About this exercise - Output the data below only from the line containing "Viv Metal Buckle Leather Sandals" up to and including the line containing "Modern 2026 Tribe", exact and with the pictures left out.

Data for this task -
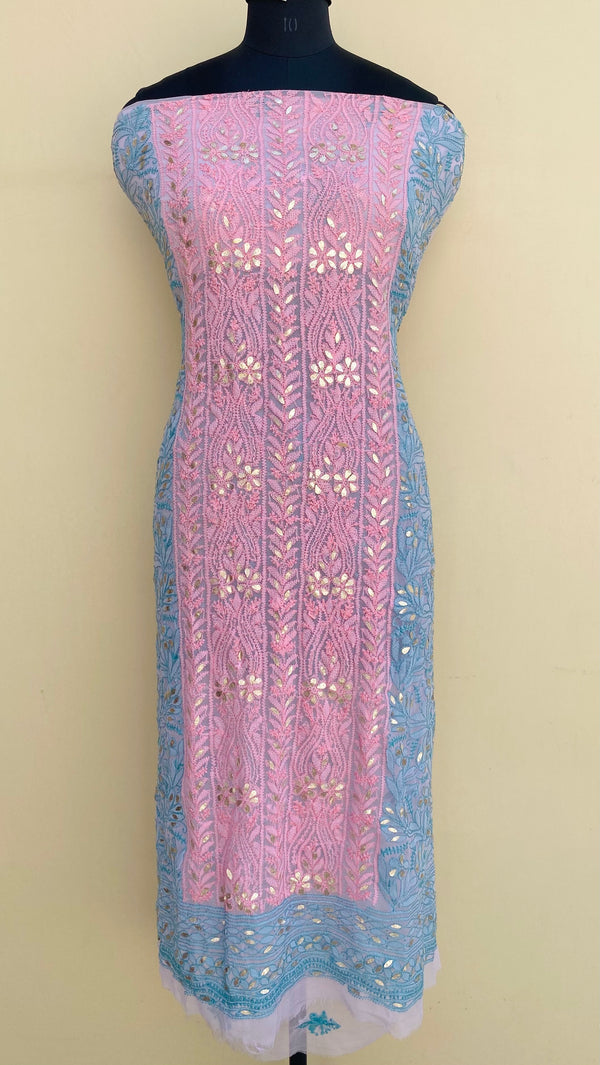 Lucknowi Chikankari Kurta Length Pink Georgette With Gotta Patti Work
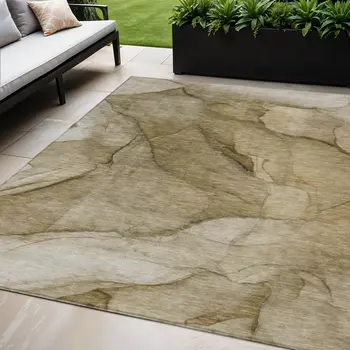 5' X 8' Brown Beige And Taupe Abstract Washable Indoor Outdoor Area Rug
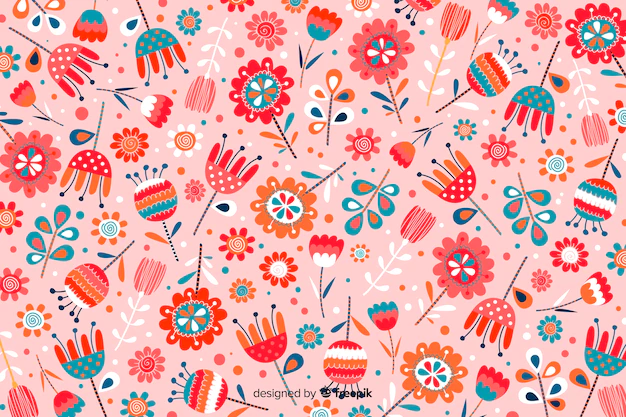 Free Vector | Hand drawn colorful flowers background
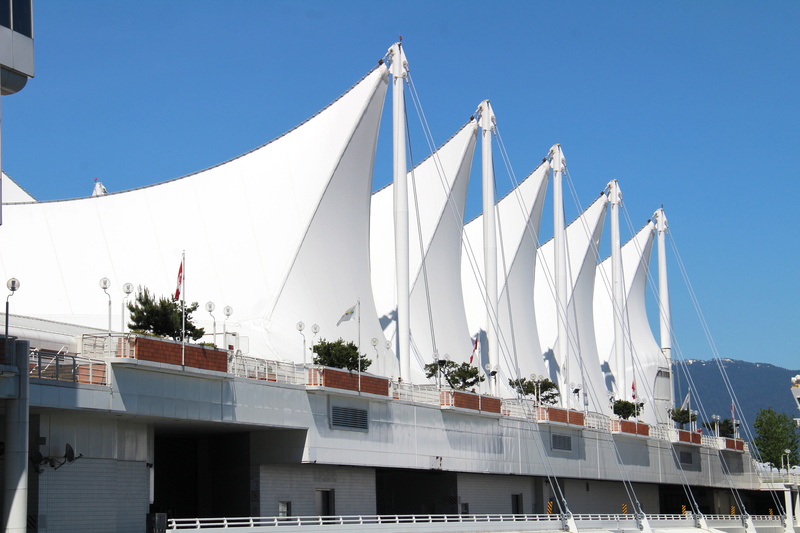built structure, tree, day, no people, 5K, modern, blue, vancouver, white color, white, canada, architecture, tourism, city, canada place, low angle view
...
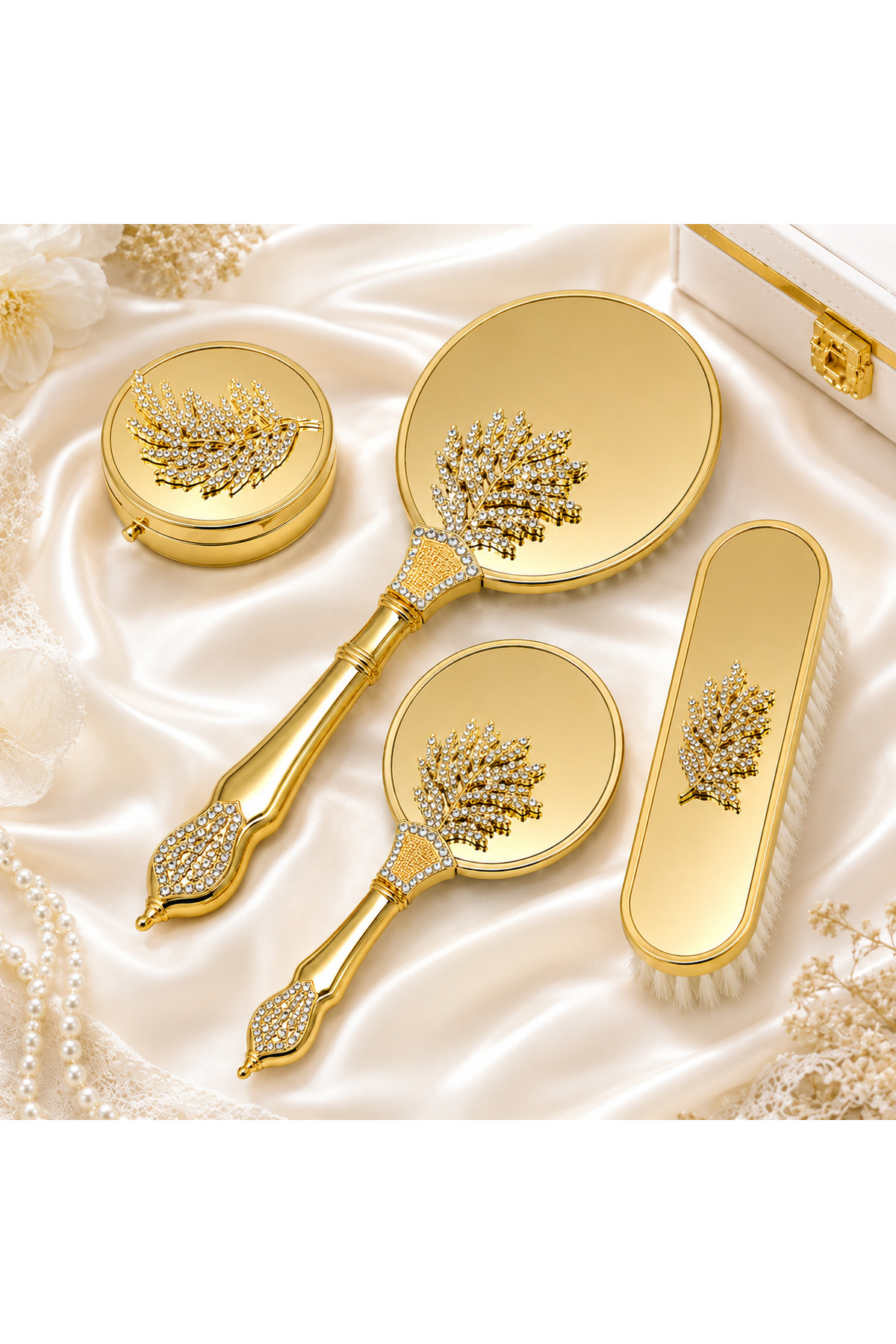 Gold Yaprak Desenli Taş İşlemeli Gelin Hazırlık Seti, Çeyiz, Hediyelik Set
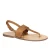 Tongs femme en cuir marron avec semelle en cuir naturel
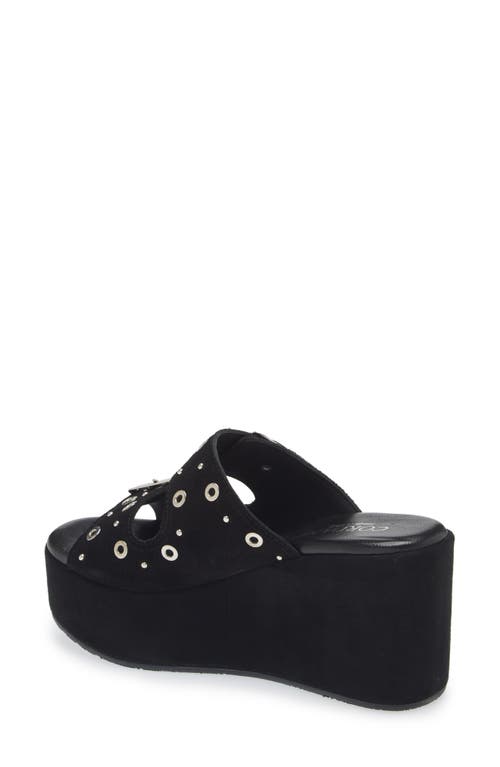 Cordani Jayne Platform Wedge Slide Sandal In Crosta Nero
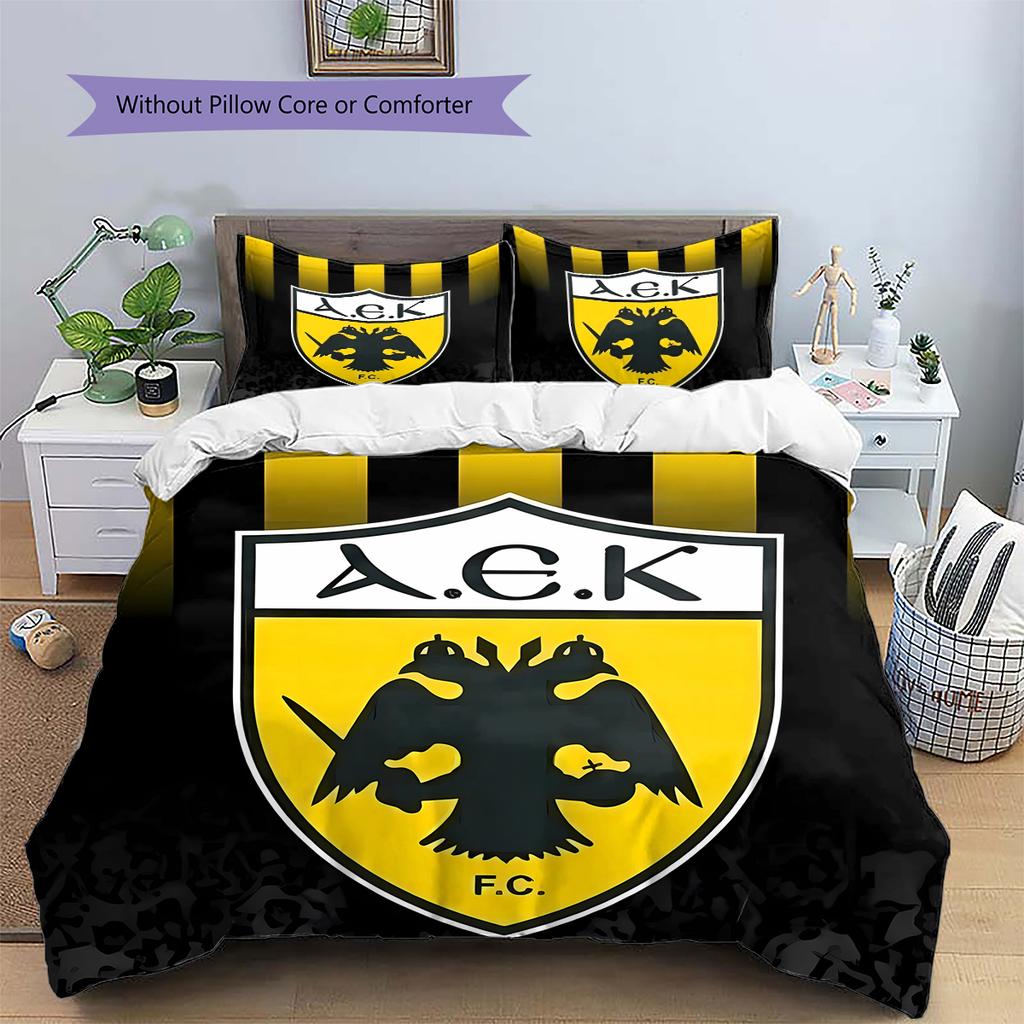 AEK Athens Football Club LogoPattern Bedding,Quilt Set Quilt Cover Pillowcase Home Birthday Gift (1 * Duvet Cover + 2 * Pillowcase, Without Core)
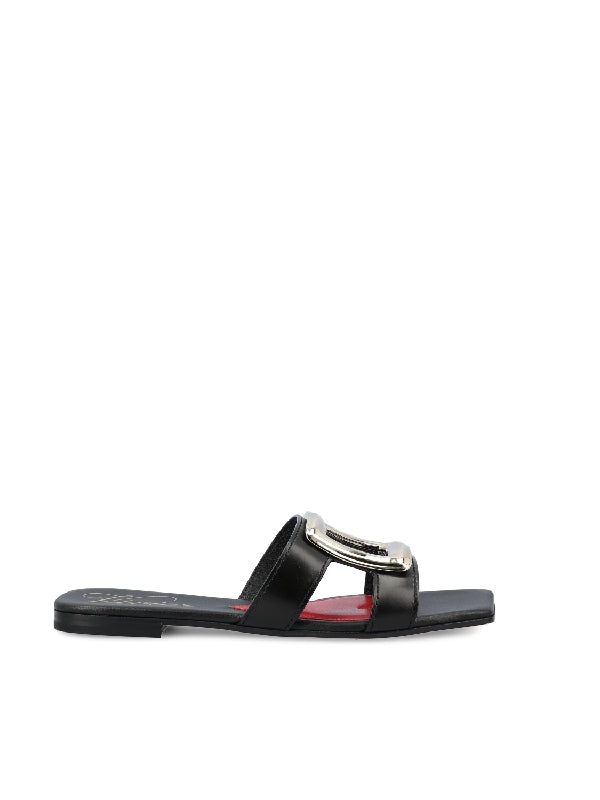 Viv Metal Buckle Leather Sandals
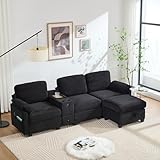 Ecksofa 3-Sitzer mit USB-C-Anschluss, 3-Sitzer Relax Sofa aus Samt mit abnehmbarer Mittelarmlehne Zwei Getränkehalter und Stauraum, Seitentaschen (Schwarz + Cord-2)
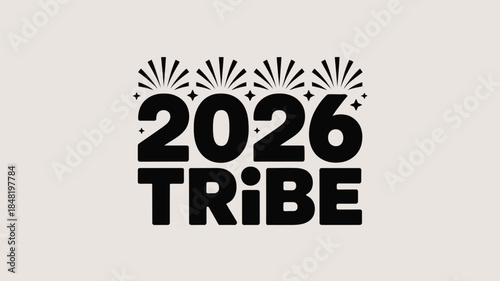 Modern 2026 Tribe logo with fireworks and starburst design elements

Result for this task -
 Viv Metal Buckle Leather Sandals
 Ecksofa 3-Sitzer mit USB-C-Anschluss, 3-Sitzer Relax Sofa aus Samt mit abnehmbarer Mittelarmlehne Zwei Getränkehalter und Stauraum, Seitentaschen (Schwarz + Cord-2)
 Modern 2026 Tribe logo with fireworks and starburst design elements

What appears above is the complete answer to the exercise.